HA is a main component in synovial fluid and cartilage matrix. HA in synovial fluid is primarily produced by type B synovial lining cells. A normal concentration of normal HA in synovial fluid is critical for the maintenance of joint function . Intra-articular treatment with HA for OA knee pain is widely accepted . This modality not only replenishes the intra-articular HA, but also inhibits inflammatory mediators’ synthesis, relieves joint pain, postpones the development osteoarthritis [14,15]. Our study indicated that celecoxib injection might repair and protect against early OA cartilage by delaying cartilage degeneration via inhibiting MMP-3 expression as well as HA group. It was also showed in our macroscopic and histological analyses. Since MMP-3 has the potent ability to degrade the proteoglycan of cartilage, MMP-3 is recognized as an enzyme that plays a part in the destruction of cartilage and bone in OA . The results of this study demonstrated that the level of MMP-3 was elevated and sustained in the control group treated by injecting saline, whereas elevation of MMP-3 levels was significantly suppressed in the celecoxib and HA groups. However, there is not a significant difference in these two treatment groups. Therefore, it is expected that both of celecoxib and HA would be beneficial in the prevention of cartilage damage, as reflected by a reduction in MMP-3 levels.

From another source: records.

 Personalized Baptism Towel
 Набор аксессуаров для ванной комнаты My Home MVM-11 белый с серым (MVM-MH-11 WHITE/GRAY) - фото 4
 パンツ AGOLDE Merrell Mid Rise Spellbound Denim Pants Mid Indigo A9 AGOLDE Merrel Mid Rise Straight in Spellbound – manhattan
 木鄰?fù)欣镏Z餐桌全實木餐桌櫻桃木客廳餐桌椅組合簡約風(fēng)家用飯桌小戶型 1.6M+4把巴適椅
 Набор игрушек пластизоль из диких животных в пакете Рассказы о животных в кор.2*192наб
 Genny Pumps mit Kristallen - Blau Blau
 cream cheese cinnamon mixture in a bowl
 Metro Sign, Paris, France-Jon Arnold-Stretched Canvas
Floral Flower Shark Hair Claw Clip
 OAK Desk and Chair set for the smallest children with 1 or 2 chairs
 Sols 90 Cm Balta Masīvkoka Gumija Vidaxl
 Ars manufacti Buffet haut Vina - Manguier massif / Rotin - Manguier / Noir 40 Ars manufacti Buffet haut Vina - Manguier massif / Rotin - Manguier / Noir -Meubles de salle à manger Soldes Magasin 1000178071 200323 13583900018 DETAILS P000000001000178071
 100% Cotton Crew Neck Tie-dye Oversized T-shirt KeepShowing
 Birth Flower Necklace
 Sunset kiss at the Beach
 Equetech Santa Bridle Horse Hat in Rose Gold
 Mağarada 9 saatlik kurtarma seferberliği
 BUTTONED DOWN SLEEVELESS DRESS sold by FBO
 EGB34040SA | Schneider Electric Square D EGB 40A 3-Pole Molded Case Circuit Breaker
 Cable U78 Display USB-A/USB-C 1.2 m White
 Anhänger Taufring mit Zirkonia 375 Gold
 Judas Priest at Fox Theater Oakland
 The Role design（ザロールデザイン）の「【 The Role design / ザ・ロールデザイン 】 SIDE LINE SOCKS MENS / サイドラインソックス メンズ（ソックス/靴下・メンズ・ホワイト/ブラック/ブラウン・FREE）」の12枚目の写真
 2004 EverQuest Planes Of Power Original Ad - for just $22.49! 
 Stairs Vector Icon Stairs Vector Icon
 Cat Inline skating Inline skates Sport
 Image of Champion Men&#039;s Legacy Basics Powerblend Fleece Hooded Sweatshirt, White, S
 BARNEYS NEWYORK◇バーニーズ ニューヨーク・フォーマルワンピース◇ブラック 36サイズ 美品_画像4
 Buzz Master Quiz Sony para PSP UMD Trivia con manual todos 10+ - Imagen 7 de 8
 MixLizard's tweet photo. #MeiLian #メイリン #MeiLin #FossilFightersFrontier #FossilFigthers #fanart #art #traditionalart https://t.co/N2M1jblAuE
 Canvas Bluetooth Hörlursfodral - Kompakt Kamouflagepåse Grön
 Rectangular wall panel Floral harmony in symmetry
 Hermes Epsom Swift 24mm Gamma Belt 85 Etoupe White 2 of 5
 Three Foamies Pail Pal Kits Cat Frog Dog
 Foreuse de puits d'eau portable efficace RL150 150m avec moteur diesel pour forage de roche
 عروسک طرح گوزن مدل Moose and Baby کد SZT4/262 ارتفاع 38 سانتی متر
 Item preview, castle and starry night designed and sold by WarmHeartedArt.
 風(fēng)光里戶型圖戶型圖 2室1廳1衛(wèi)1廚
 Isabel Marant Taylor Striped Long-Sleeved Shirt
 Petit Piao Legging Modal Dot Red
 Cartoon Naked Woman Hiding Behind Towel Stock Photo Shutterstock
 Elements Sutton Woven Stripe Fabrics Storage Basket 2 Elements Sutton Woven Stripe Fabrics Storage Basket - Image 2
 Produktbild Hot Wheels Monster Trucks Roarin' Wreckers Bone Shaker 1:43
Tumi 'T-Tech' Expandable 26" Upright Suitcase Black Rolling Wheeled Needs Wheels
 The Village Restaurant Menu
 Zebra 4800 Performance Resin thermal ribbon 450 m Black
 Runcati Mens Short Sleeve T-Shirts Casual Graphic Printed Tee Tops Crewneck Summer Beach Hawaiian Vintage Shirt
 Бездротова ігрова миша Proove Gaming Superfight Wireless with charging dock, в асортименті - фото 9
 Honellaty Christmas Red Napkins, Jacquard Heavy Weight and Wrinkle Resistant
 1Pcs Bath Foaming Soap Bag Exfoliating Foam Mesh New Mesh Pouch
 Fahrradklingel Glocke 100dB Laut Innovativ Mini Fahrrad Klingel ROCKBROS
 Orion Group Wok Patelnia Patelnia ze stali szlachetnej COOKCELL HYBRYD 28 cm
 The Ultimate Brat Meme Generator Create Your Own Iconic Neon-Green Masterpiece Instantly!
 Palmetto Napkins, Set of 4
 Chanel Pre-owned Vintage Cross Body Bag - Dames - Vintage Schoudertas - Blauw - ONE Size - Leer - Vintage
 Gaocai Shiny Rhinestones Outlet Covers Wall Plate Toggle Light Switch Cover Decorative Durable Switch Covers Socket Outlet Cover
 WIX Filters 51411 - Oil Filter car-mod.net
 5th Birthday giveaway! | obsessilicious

In summary, our results suggest that intra-articular injection of celecoxib is an effective therapeutic method in an OA model. Celecoxib might not only provide substantially benefits to OA by suppressing of the levels of TNF-α and IL-1, but also maintain cellular activity and extracellular matrix synthesis by reducing MMP-3 synthesis. It could protect the cartilage matrix from degradation with correspondingly improved efficiency observed in the macroscopic and histological analyses. This novel therapeutic strategy could be promising treatment option for OA.